9 November 2011
Statement by H.E. Mr. Mohammad Khazaee
Permanent Representative of the Islamic Republic of Iran to the United Nations
before the General Assembly on Agenda item 122
“Question of equitable representation on and increase in
the membership of the Security Council and related matters”
(New York, 9 November 2011)
In the Name of God, the Compassionate, the Merciful
Let me begin by expressing our appreciation to you for convening this meeting on such an important issue. I would also like to thank Ambassador Zahir Tanin, the distinguished Permanent Representative of Afghanistan for his tireless efforts in leading the Intergovernmental Negotiations.
While associating my delegation with the statement of the Non Aligned Movement delivered earlier yesterday by the distinguished Ambassador of Egypt, allow me to present a few more points in national capacity as well.
There is a general agreement among Member States on the fact that the Security Council, which was established on the basis of the realities of 1940s, is certainly not responding to the needs, concerns and realities of the world today, and should, therefore, be reformed, both in its working methods and decision–making processes, as well as in its composition and structure. We all know that as it stands today, the Security Council is one of the most anachronistic international bodies that require urgent comprehensive reform in order to correspond to the needs and requirements of the day.
In this respect, we believe the Security Council reform process should not be merely viewed as an opportunity to score maximum national gains. Rather, it should be seen as an indispensable responsibility for all of us, a responsibility and a necessity that is long overdue and that if taken in a way that can garner the widest possible political acceptance by Member States, the whole world community and the United Nations in its entirety would benefit.
Impartiality, transparency, accountability and fairness are key requirements on which the Security Council should base its approach in discharging its Charter-mandated responsibilities. To increase the transparency of its work and improving its working methods, the Council should seriously take into consideration the relevant provisions of the Charter as well as the resolutions which clarify its relationship with the General Assembly and other organs of the United Nations.
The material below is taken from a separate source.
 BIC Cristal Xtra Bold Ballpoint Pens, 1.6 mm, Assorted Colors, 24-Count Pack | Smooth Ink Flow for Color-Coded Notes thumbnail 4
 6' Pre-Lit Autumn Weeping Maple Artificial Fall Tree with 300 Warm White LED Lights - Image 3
The size and the working methods of the Council are the two most important aspects of the Security Council reform. We concur with the view that the composition of the Security Council is not representing the realities of the international community today, and this issue should be thoroughly addressed and resolved in a meaningful reform of the United Nations. The credibility, efficiency and effectiveness of the said body will be strengthened through adequate attention to equitable geographical distribution of its membership. It is noticeable that the current composition of the Security Council is neither regionally balanced nor geopolitically reflective of today’s realities therefore, the new composition should well reflect the realities of today.
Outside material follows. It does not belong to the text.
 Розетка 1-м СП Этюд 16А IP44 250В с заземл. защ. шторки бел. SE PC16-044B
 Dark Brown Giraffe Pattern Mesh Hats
As to the working methods, we are of the view that the Security Council’s failure to adequately improve its working methods and decision making processes, have brought about a situation where we are witnessing a decline in international public opinion’s trust in this important Organ. This trend has, in turn, led to the loss of image and credibility by the Council in the eyes of the general membership. According to article 24 of the United Nations Charter, the Security Council should be acting on behalf of the whole UN member States; but in reality, not only the Council’s decisions are less and less reflecting the wish and the views of general membership, but they even do not –in many cases- represent the genuine opinion of its own general membership.
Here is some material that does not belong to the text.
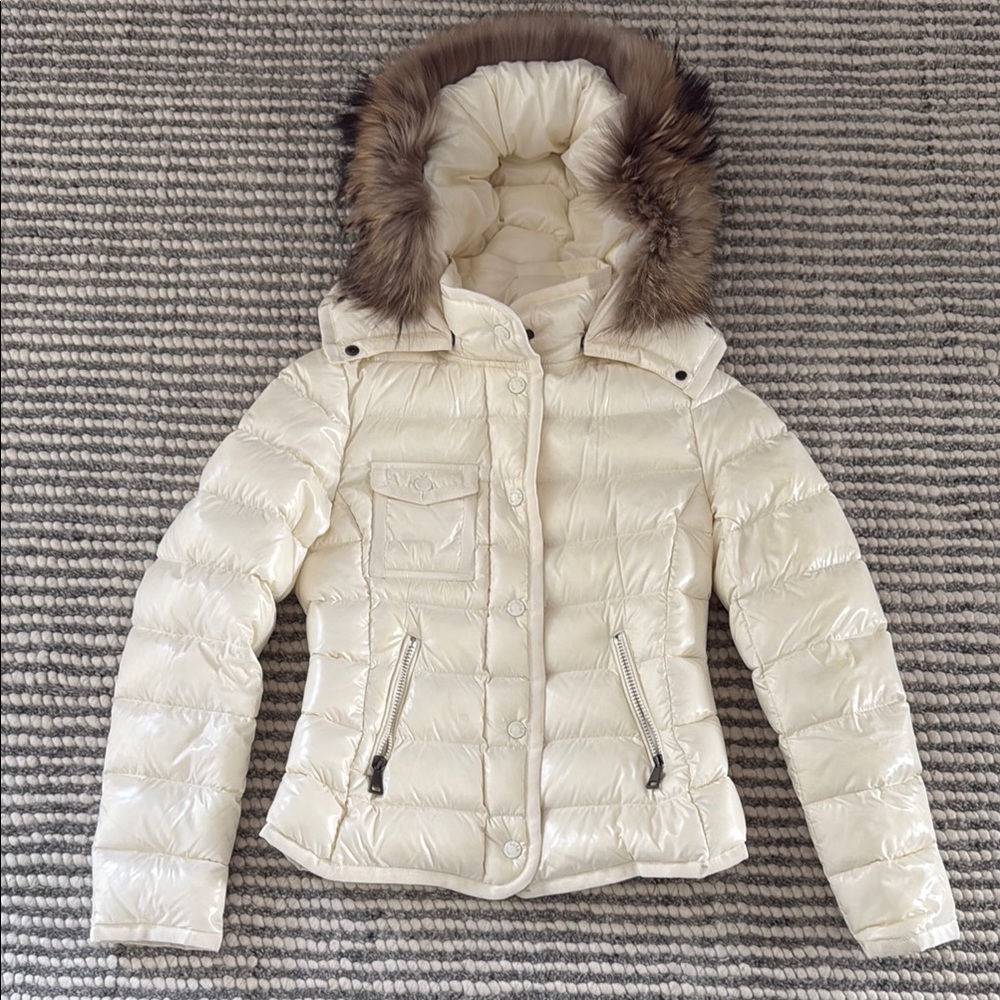 Moncler Women's Cream Puffer Jacket with Fur Trim. Size 1. worn only once.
Whereas in accordance with the UN Charter, the General Assembly as the chief deliberative, policy-making and representative organ of the United Nations is primarily entrusted with the task of progressive development and codification of international law, we have been witnessing an alarming trend in which the Security Council has been increasingly involved in law-making and norm-setting practices. This is a disturbing trend that runs counter to the letter and the spirit of the UN Charter and should be checked and reversed. Unnecessary and quick resort to Chapter VII of the UN Charter, and the threat or use of sanctions in cases where no actions have even been necessary, are other issues of concern for the general membership that have hurt the credibility and legitimacy of the Council’s decisions.
As it has been mentioned by different delegations since the very beginning of the work of the United Nations, the Veto power has always raised concerns and criticism on various grounds by a significant majority of Member States. There is a strong sense of injustice and discrimination between the haves and have-nots. In fact, Veto is a non- democratic and non-constructive instrument.
We believe that a meaningful reform of the Council will be possible only through addressing the aforesaid shortcomings and also through dealing with the question of underrepresentation of developing and Muslim countries in the Council in a serious and meaningful manner.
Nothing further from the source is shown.